--- Requirement ---
Retype the whole listing that follows so that it matches the original exactly.
START Available data
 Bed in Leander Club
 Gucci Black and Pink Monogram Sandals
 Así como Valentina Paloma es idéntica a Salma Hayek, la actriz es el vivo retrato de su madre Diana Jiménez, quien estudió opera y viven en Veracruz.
END Available data
--- Response to this task ---
 Bed in Leander Club
 Gucci Black and Pink Monogram Sandals
 Así como Valentina Paloma es idéntica a Salma Hayek, la actriz es el vivo retrato de su madre Diana Jiménez, quien estudió opera y viven en Veracruz.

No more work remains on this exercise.